A thin thread of breath passes through my pursed lips. “Maybe…?”
Lark’s tinkling laugh fills my ears as I head to the rows of polished implements lining the counter, the knives and scalpels and screws and saws gleaming under the fluorescent lights.
“Your current idea of…fun…” Lark says, her voice trailing off as though she can see the scalpel I pick up and examine. “Is it still fun enough for you?”
“I guess,” I say with a shrug. I set the blade down on the instrument stand alongside surgical scissors, a pack of gauze, and a suture kit. “But I feel like something is missing, you know?”
“Is that because the FBI isn’t figuring out the clues you’re leaving behind in the fishing line?”
“No, they’ll get it eventually, and if they don’t, I’ll send an anonymous letter. ‘Check the webs, you fucking idiots.’”
Lark giggles. “The files are in the computer,” she says, quoting Zoolander. She never fails to chime in with a random yet relevant movie line.
I snicker as Lark laughs at her joke, the shine of her bright light infusing the cool confines of my modified storage container as though she’s plugged herself into the electrical circuitry. The levity between us fades as I grip the edges of the tray and wheel it toward my captive. “There’s something about this competition that feels…inspiring, I guess. Like an adventure. Nothing has really broken through to make me feel excited like this in a long time. And I think—or hope—that Rowan would have tried to kill me already if he wanted to. I don’t know why, and this is maybe the most reckless, impulsive part of this whole idea, but I believe he feels like I do, like he’s looking for something to alleviate an itch that’s getting harder and harder to scratch.”
Lark hums again, but this time the sound is deeper, darker. I’ve spoken to her about this before. She knows where I’m at. Relief is harder to find with each kill. It doesn’t last as long. Something is missing.
That’s precisely why I have this piece of shit pedo on my table.
“What about this elusive West Coast killer guy that Rowan told you about? Have you found any details on him?”
I frown, my headache needling my eyes. “Not really. I read about one murder that I think might be his from two months ago, out in Oregon. It was a hiker who was killed in Ainsworth Park. But there weren’t any details about anointing like what Rowan described. Maybe he’s right, maybe authorities are keeping things quiet to not spook the killer.” The man on the table lets out a keening wail around his gag and I slap a palm on the tray, rattling the instruments. “Dude, shut up. Whining isn’t going to help.”
“You’re sure in a spicy mood today, Sloaney. Are you positive you’re not—”
“No.” I know what Lark wants to ask, but I’m not spiraling. I’m not devolving. I’m not out of control. “Once this competition officially starts up, I’ll be fine. I just want to know the details of the first target, you know? I don’t deal well with waiting. I need to take the edge off, that’s all.”

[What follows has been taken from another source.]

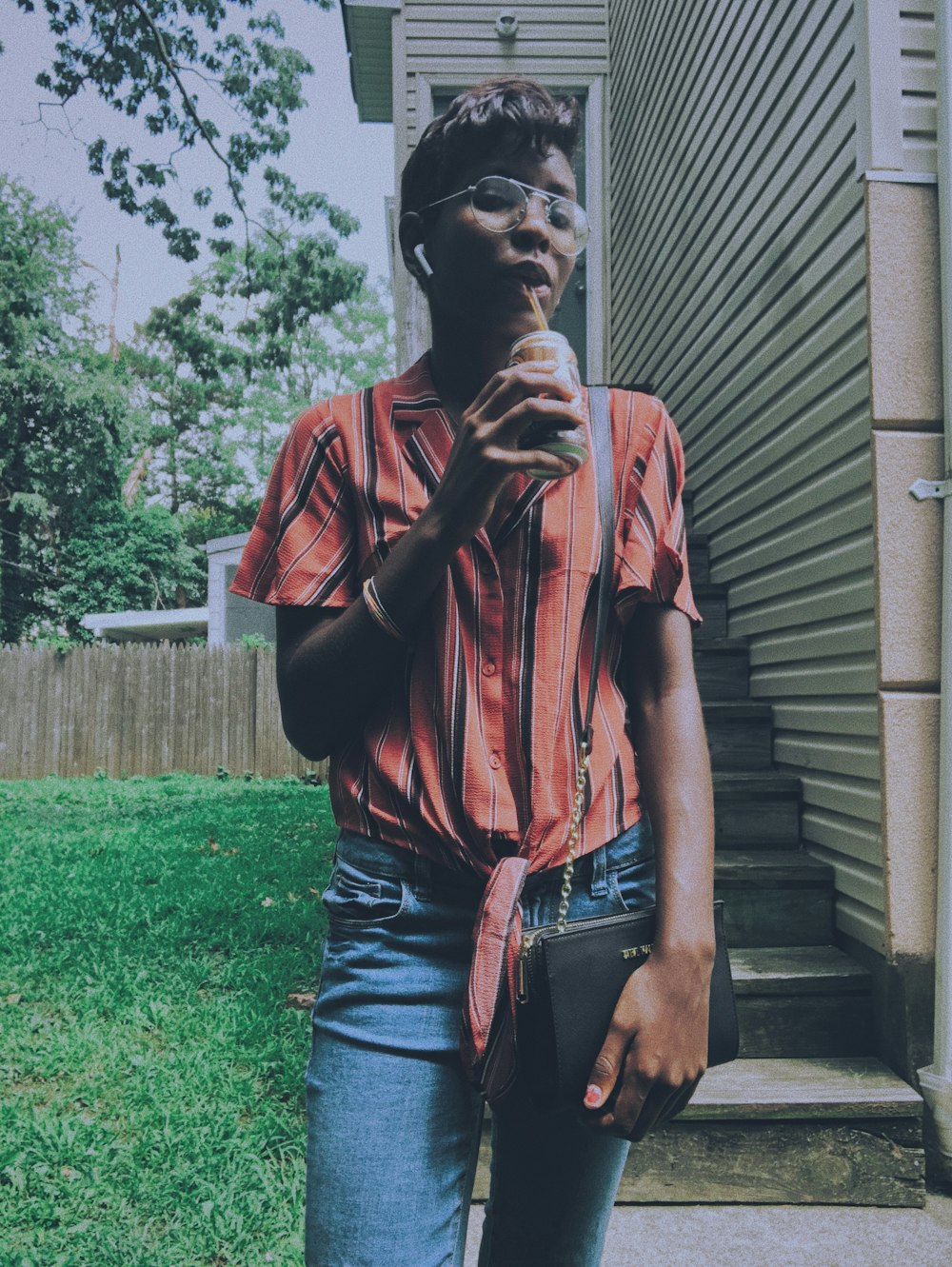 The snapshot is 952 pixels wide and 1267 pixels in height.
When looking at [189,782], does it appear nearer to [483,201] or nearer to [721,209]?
[721,209]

“As long as you’re being careful.”
“For sure. Always,” I say as I wheel the suction machine toward the man as he tries to thrash himself free of the unforgiving leather straps. I press the switch and turn it on as the man’s desperate whimpers rise to a higher pitch. A thin film of sweat coats his skin. His wide eyes leak tears from the wrinkled corners as he tries to shake his head, his tongue working against the ball gag strapped in his mouth. My eyes narrow as I take in his tense features, his desperation seeping through his pores like musk.
“Got a worthy guest today, huh?” Lark asks as the man’s panic bleeds through the connection.

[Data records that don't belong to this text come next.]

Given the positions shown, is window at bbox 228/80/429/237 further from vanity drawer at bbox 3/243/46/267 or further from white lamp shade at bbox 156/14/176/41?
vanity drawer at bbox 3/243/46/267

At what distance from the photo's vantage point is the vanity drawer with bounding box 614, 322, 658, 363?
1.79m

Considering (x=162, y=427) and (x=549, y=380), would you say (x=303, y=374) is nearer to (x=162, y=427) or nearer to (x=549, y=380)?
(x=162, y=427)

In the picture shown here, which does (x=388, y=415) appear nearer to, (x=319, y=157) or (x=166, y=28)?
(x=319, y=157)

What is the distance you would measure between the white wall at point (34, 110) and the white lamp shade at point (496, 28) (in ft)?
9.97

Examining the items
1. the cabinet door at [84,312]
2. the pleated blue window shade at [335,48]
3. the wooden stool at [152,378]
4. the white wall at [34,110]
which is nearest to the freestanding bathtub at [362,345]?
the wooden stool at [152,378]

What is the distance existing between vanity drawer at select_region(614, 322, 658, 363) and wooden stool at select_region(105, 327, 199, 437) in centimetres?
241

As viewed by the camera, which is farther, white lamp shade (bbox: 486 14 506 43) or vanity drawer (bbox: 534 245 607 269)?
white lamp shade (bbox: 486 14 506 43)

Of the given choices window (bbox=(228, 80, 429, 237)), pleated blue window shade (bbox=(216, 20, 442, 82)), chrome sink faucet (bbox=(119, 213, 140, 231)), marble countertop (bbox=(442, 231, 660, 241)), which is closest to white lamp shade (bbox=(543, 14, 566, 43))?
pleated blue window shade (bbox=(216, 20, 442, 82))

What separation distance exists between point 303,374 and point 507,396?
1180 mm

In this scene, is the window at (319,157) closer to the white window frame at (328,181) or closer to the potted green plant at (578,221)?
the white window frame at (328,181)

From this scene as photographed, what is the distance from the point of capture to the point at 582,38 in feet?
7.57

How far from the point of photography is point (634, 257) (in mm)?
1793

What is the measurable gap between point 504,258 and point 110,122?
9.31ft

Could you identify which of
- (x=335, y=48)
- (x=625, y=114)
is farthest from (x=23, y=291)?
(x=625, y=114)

“Sure do.” The metal handle of my favorite Swann-Morton scalpel cools my fingertips through the latex gloves, a comforting kiss against my heated skin. The strain of concentration thins my voice to a thread as I focus on positioning the edge of the knife beneath the man’s Adam’s apple. “He’s a total shitbag.”
I guide the sharpened tip of the blade through the man’s skin, maintaining a straight line as I press down and pass it through his flesh. He screams into the silicone sphere trapped in his mouth.